BEGIN Records

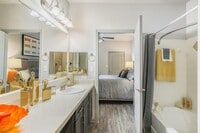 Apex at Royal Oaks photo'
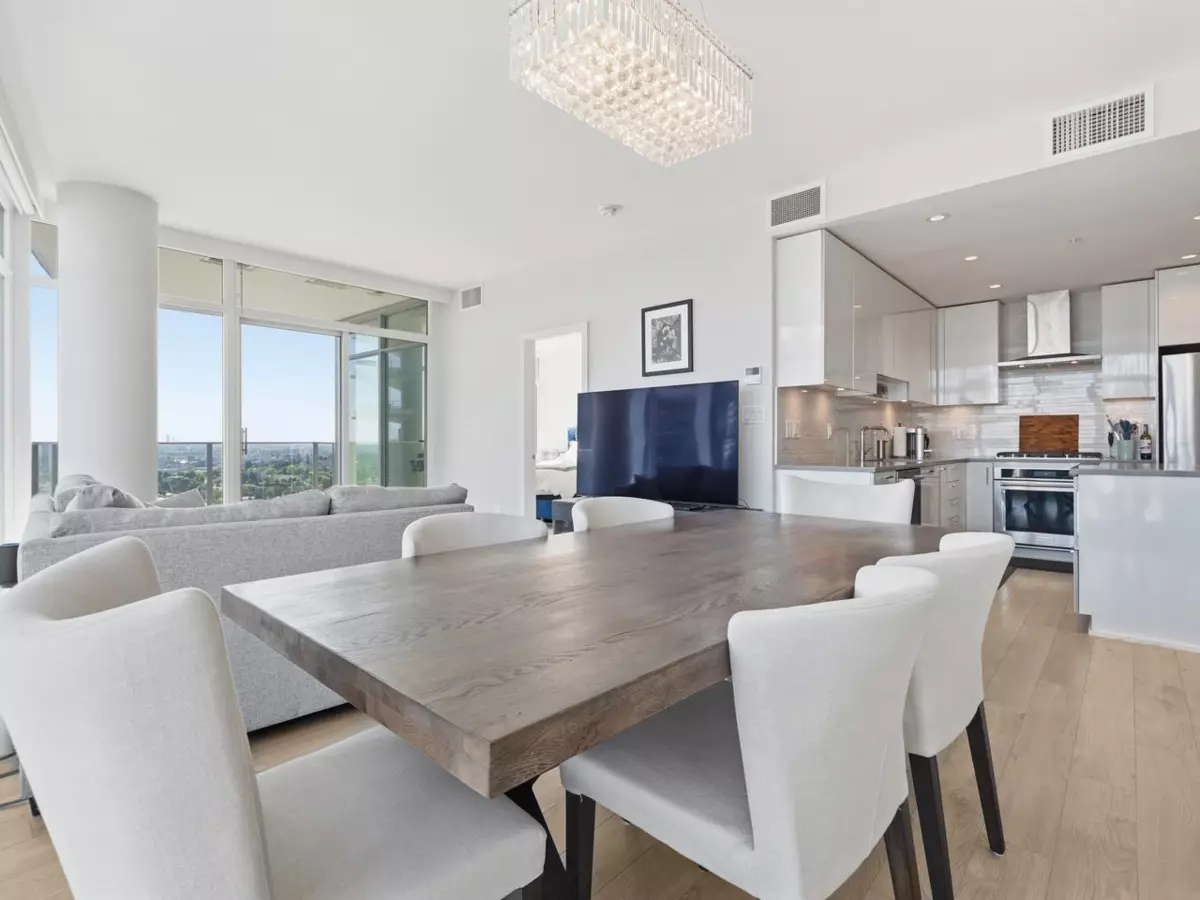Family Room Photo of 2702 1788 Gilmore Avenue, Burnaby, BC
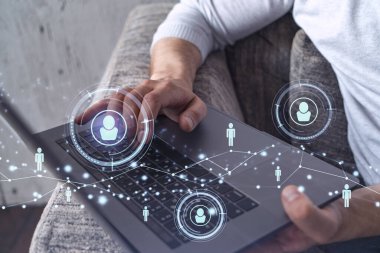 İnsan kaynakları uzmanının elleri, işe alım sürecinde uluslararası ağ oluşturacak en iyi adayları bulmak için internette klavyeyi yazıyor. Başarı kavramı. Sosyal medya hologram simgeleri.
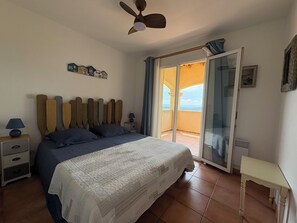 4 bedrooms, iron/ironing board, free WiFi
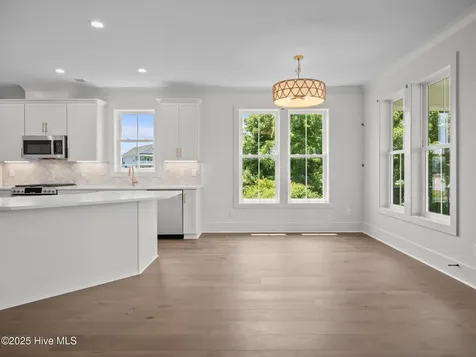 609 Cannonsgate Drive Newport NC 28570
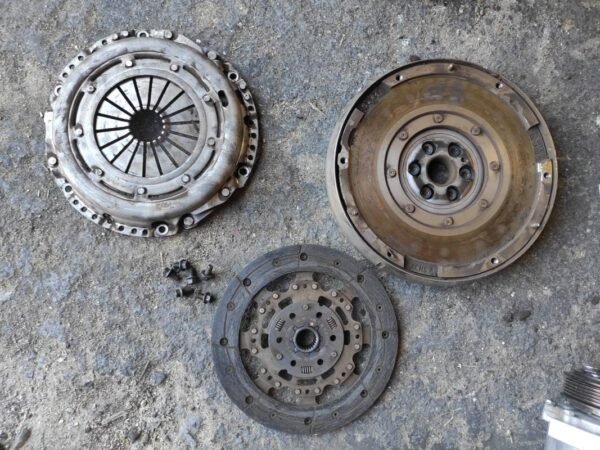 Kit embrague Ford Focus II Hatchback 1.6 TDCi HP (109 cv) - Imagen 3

END Records

Assigned task -
The records, exactly as written but without images, should be returned.

Response to the task -
 Apex at Royal Oaks photo'
Family Room Photo of 2702 1788 Gilmore Avenue, Burnaby, BC
 İnsan kaynakları uzmanının elleri, işe alım sürecinde uluslararası ağ oluşturacak en iyi adayları bulmak için internette klavyeyi yazıyor. Başarı kavramı. Sosyal medya hologram simgeleri.
 4 bedrooms, iron/ironing board, free WiFi
 609 Cannonsgate Drive Newport NC 28570
 Kit embrague Ford Focus II Hatchback 1.6 TDCi HP (109 cv) - Imagen 3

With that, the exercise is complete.